4 parts apple cider, 1 part Jack Daniel's...........apple jack!!


----------



## richtee (Aug 28, 2007)

I think that's cheating...but WTF...it's alot easier and faster!  Heh...


----------



## placebo (Aug 28, 2007)

Don't get me wrong I like Jack but, I prefer it without the cider, with one key thought in mind, "everything in moderation".


----------



## crewdawg52 (Sep 3, 2007)

Saudi receipe..... (when I was over there)

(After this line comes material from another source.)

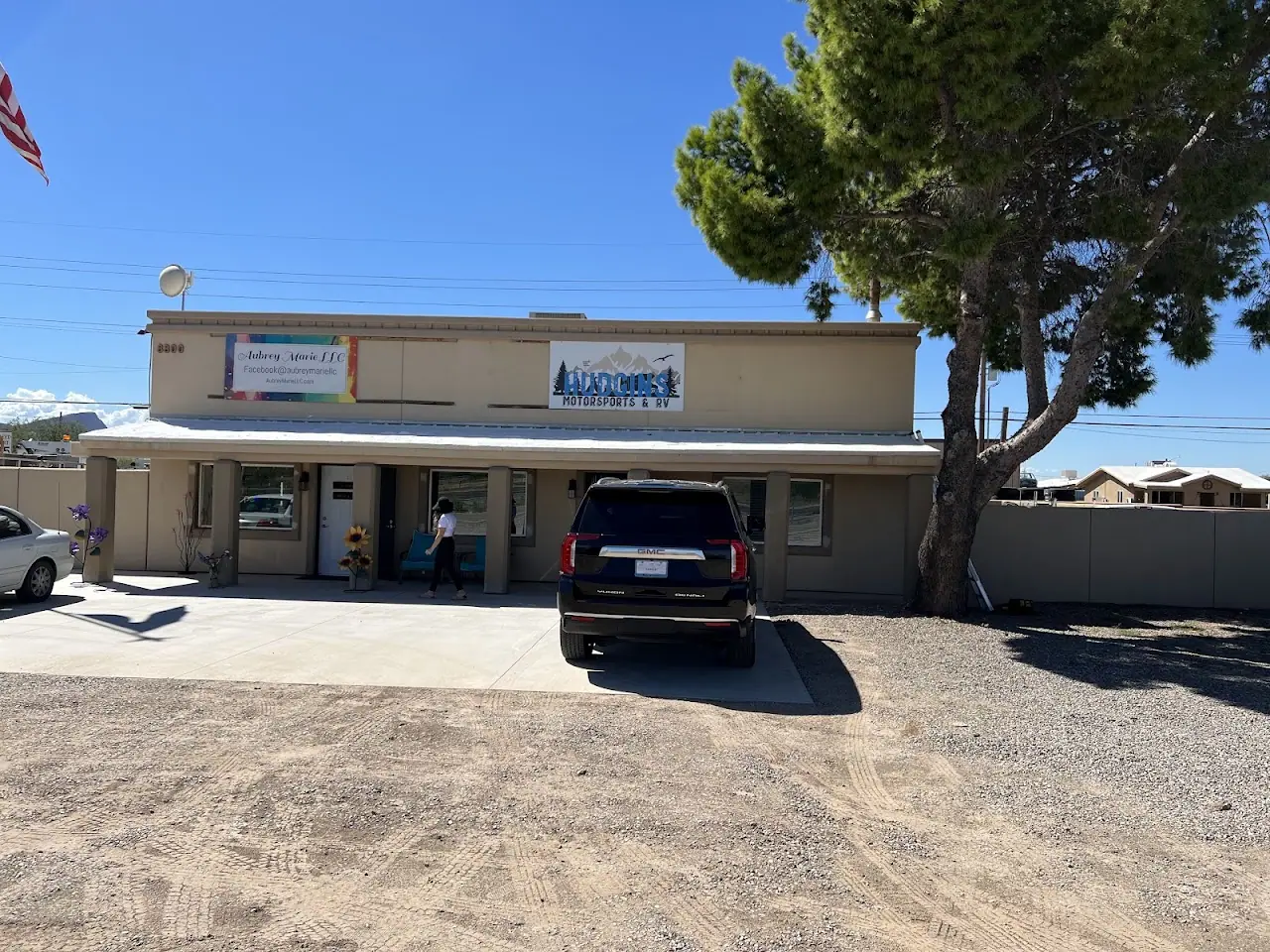 Hudgins RV, RV dealers in Marana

1 gallon apple cider - (minus) 16 oz. (just use one of those 16 oz plastic cups)

16 oz (same cup) sugar
1 pkg brewers yeast

Shake/stir until sugar disolved

Place unpowdered/lubed latex glove over bottle and secure with rubber band.  Place in closet.
After 4-5 days (or glove about ready to explode), replace glove with new one.

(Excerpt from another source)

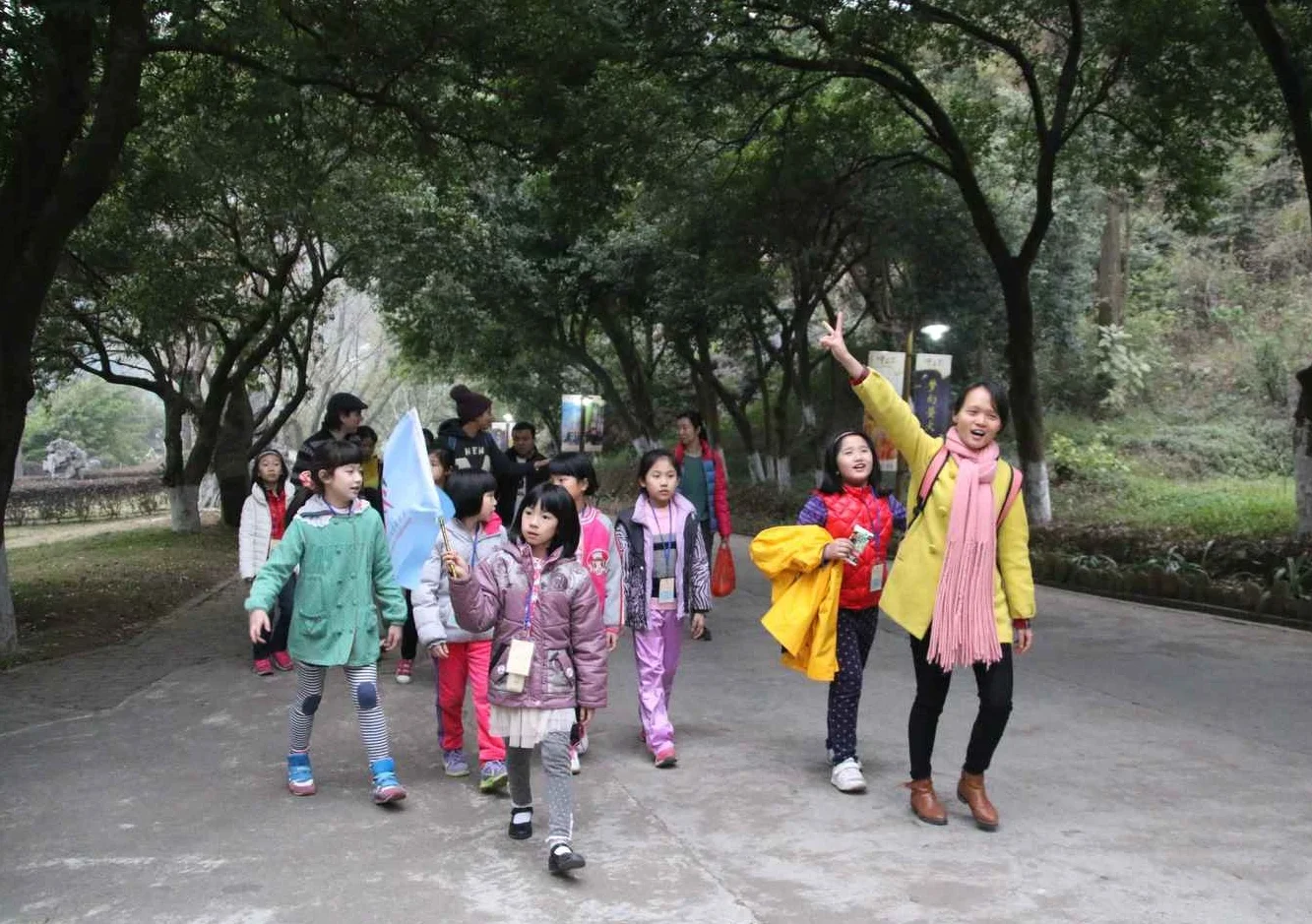 Bilingual teaching assistant with students during Winter Camp, 2015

After 2 days, remove glove, filter by pouring "golden liquid" through Mr Coffee filter.

Enjoy!


----------



## redbrinkman1955 (Sep 8, 2007)

I live in Indiana close to the Amish so they squeeze their apple cider fresh been making this since I was a kid. I gallon glass jug put in cider a cube of yeast then a small box of raisins and a cup of sugar then put a big ballon over the jug put it in the dark three to four days keep an eye on the ballon so it doesnt over inflate.
Good Luckand Good smoking
Redbrinkman1955


----------



## -devil- (Sep 9, 2007)

being a fan of a drink called 'strongbow' but its hard to find around here ... 

i am interested in this .. but i got a question or two ... what is the glove or balloon for? ...  just to give it room to expand without leaving it open to the room air? ...


----------



## white cloud (Sep 9, 2007)

Yea the baloon or glove just prevent the brew from becoming oxigenated you can get a rubber stopper and an airlock at alot of hardware and homebrew stores. the air lock fits in the hole of the stopper and you partialy fill the air lock with water and as the gasses escape it sort of bubbles and lets the gas out but not the air in.


----------



## -devil- (Sep 9, 2007)

ahhh ok, i have seen one of those before but didnt know what they did either ... 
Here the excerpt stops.